I am proud of my wife, and proud to be married to her. She is fun to be around, a wonderful mother, a great cook, my best friend. I love all that she does in the house, and I love being married to her, but I want to look at something a little bit differently for a moment. What if all of these things were stripped away. What if, for whatever reason, she really wasn’t all that pleasant to be around. What if her cooking stank? What if she was a critical, harsh woman? What if our personalities clashed? What if the house was dirty and as for being a mom, imagine she wasn’t the greatest? I am not taking about someone who is abusive, that’s for another post, I am just talking about, what if my wife didn’t have all those wonderful qualities I love so much? What if?
Before I answer the what if, I want to take you down a path that I have been thinking for a long time. What is my love for my wife contingent upon? What if all the things I love about her went away. In looking at 1 Corinthians 13, Paul starts out the chapter by making several incredible claims. What if I could speak in all kinds of different languages, including the language of the angels, those beings who are closest in proximity to the Heavenly Father? What if he had every prophetic power and understood every mystery of earth, and had all knowledge? What if everything he had was given away to the poor so that he owned nothing? What if he gave up his body, literally, as a sacrifice to God? If he did all these things, if he acted properly, had incredible power, but had no love, he was nothing. Actually, Paul comes very close to describing the attributes of God. He uses some words that describe God alone. He talks about knowing ALL mysteries, and ALL knowledge. He talks about giving up his own body. He may be just like Christ, but if he doesn’t have love, he is nothing.

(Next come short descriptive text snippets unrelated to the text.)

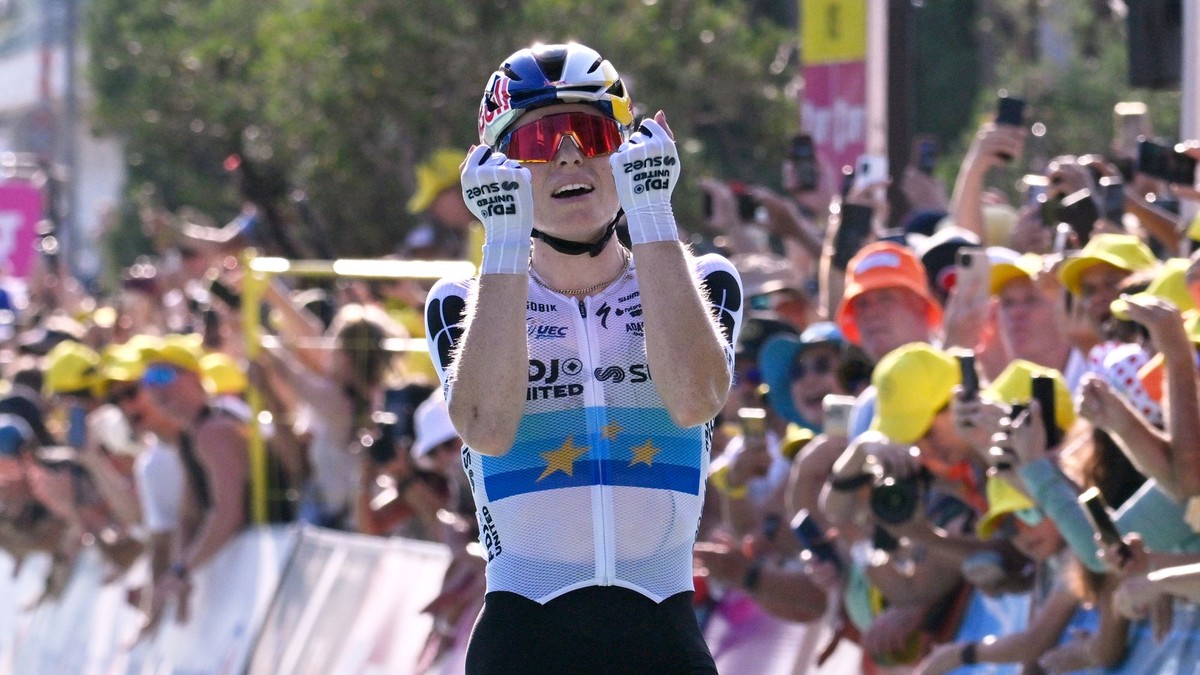 Demi Volleringová sa teší z víťazstva v 8. etape Tour de France Femmes 2026. 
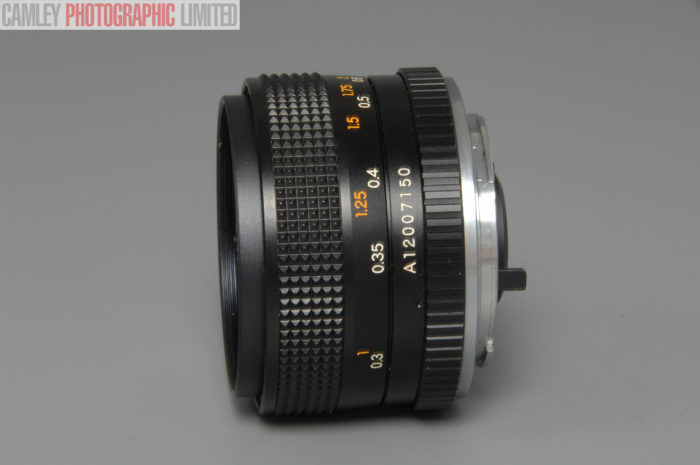 Yashica ML Yashica/Contax Mount Wide Angle Lens f2.8 28mm. Graded: EXC+ [#10557] - Image 4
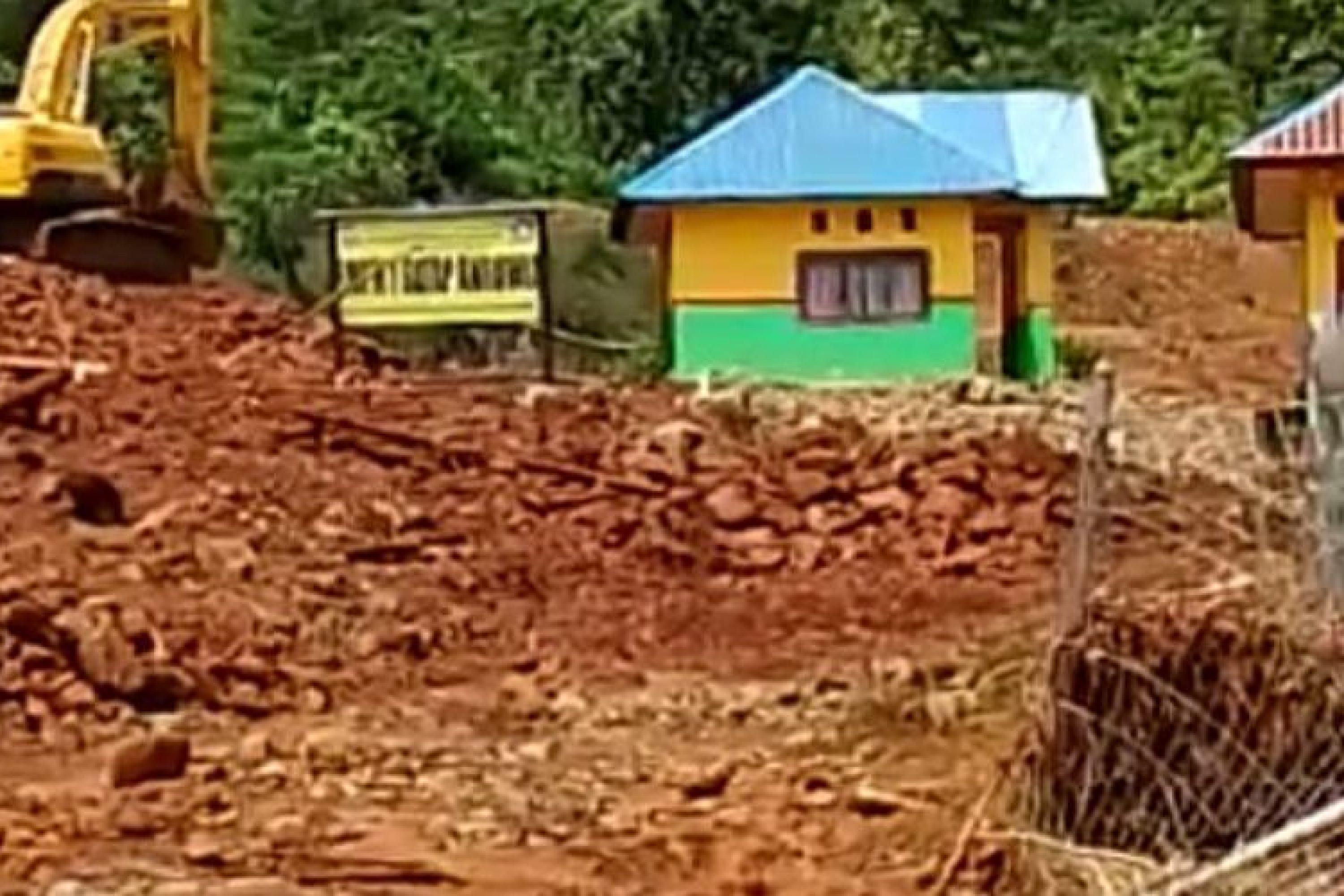 Sarana Pendidikan Rusak Parah Diduga Akibat Penambangan PT BNN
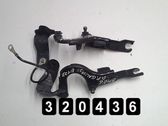 Engine bonnet/hood hinges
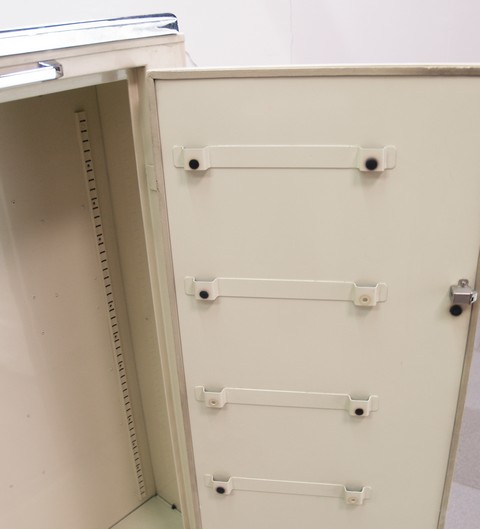 Metallkommode Midcentury Arztschrank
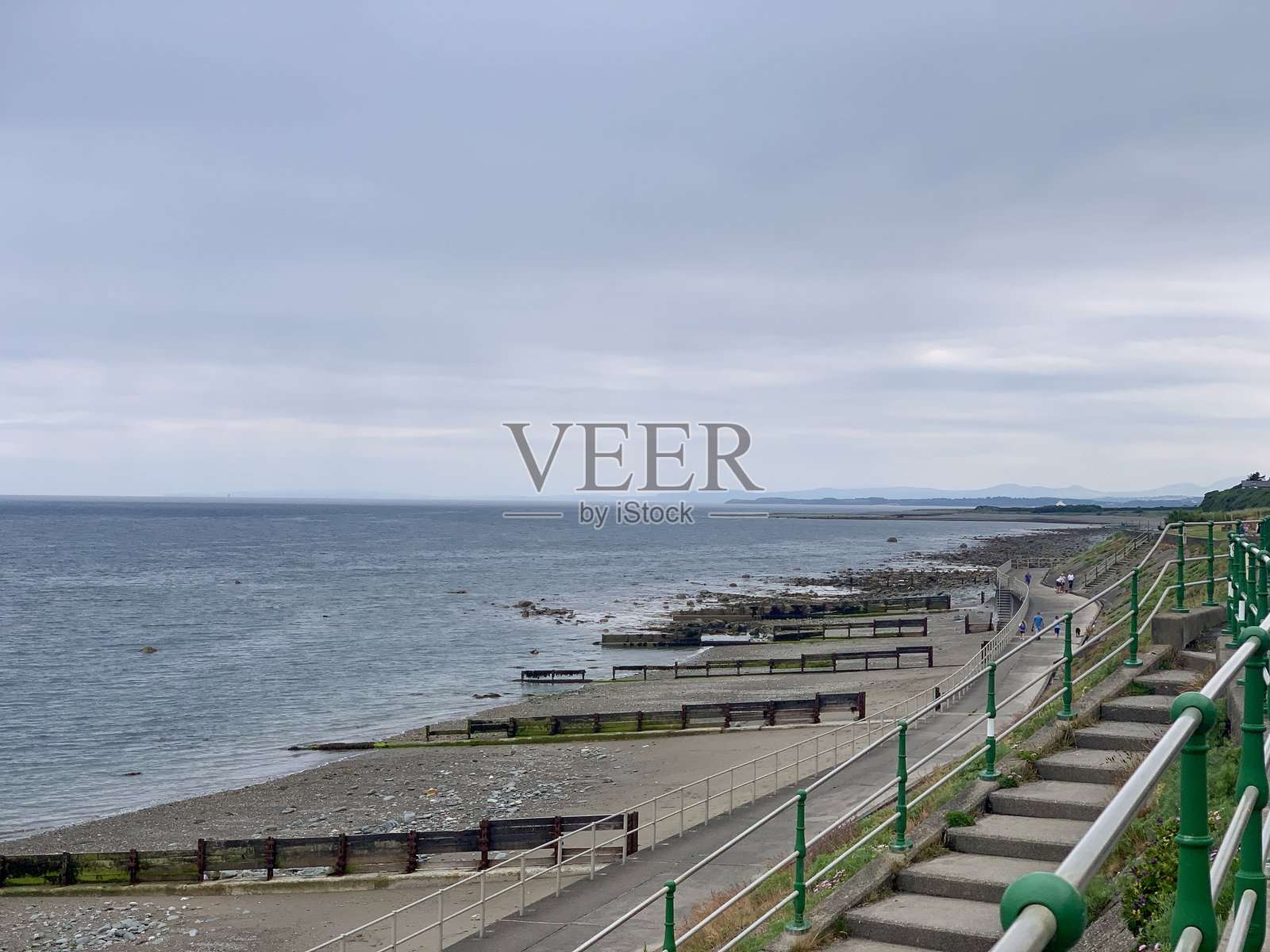 夏季海滩与楼梯照片摄影图片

You see, that’s the thing about love, or at least love like Christ has, it isn’t contingent on anything the other person does. You see, Christ doesn’t love me because I am a wonderful person, with a great personality, who is a great asset to the kingdom of Christ. In fact, Christ loved me while I was his enemy. He loved me while I was crucifying Him.
And I am called to love the way He loves.
So, my love for my wife should not depend on any of her great attributes. My love for my wife depends on God. If I have a wonderful wife, or I have a wife who is unpleasant to be around, I am called to love her as Christ did. On days where she is a sweetheart who delights in serving me and waiting on me hand and foot, I love her. On days (however few they may be) where she is a little harder to live with, where I can’t do anything right, when she is grumpy and doesn’t realize what a great guy I am (or maybe on these days she is just more honest with herself), I love her. This changes the perspective of love, and changes the idea of “falling out of love”. My love is dependant on the love God has for me, and me giving that love to my wife.
And here is why. She is worth it. On days when I don’t think she is worth it, it doesn’t matter, because Jesus said she is worth it. If Jesus died for her, if Jesus forgave her, if Jesus loves her when she is at her worst, if Jesus knows her even more intimately than I do, and He thought she was worth dying for, then who am I to think that she isn’t worth a little bit of service and sacrifice. If Jesus says she is worth it, then I agree, regardless of how wonderful (or not) she is.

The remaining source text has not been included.